In the CDP, the population was spread out, with 45.2% under the age of 18, 10.6% from 18 to 24, 25.9% from 25 to 44, 13.7% from 45 to 64, and 4.7% who were 65 years of age or older. The median age was 21 years. For every 100 females, there were 96.6 males. For every 100 females age 18 and over, there were 93.1 males.

===Income and poverty===
The median income for a household in the CDP was $12,286, and the median income for a family was $13,750. Males had a median income of $52,639 versus $21,591 for females. The per capita income for the CDP was $5,941. About 55.7% of families and 68.7% of the population were below the poverty line, including 72.5% of those under age 18 and 70.9% of those age 65 or over.

In 2010, Cibecue had the 18th-lowest median household income of all places in the United States with a population over 1,000.
==Transportation==
Cibecue Airport is a public use general aviation airport located four nautical miles (7 km) southeast of the central business district of Cibecue.

The White Mountain Apache Tribe operates the Fort Apache Connection Transit, which provides local bus service.

==Education==
The area is served by the Whiteriver Unified School District, and the Dishchii' Bikoh Community School.

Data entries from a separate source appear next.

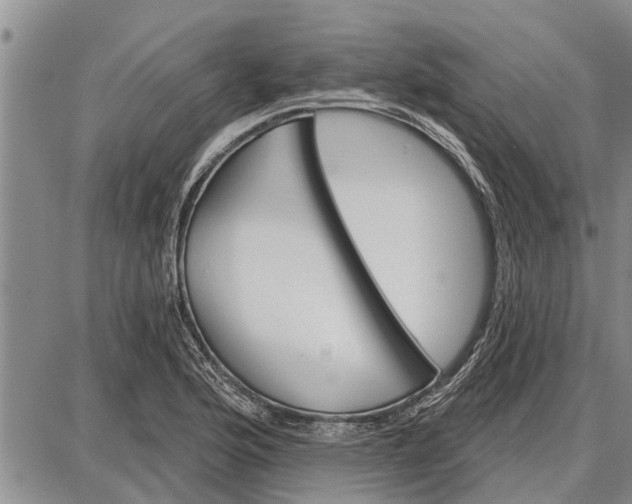 X0000087681176200705181722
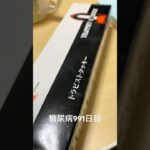 北海道トラピストのクッキーとチーズタルト食べた 糖尿病全食事記録991日目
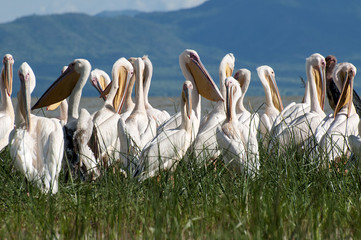 grupa pelikanów na Jeziorze Chamo w Etiopii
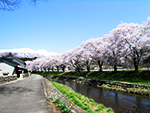 中山河川公園桜まつり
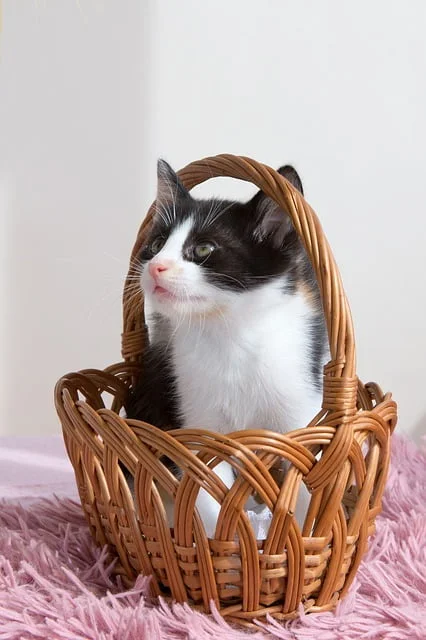 how to keep cats away from the garden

Dishchii'bikoh Community School, (Note: after the Western Apache name for Cibecue) also called the Cibecue Community School, is a small K-12, grant-funded day school in Cibecue, Arizona. It is run by the Fort Apache Agency and is funded by the Bureau of Indian Education. (Note: The Arizona Interscholastic Association lists it as the Fort Apache Agency School District in its directory of member high schools.) The school's superintendent is Juan Aragon. The school is subdivided into an elementary, middle, and high school, each with a separate principal.

==Media==
Cibecue is the focus of the seminal ethnography by Keith H. Basso entitled "Portraits of the 'Whiteman': Linguistic play and cultural symbols among the Western Apache" (1979).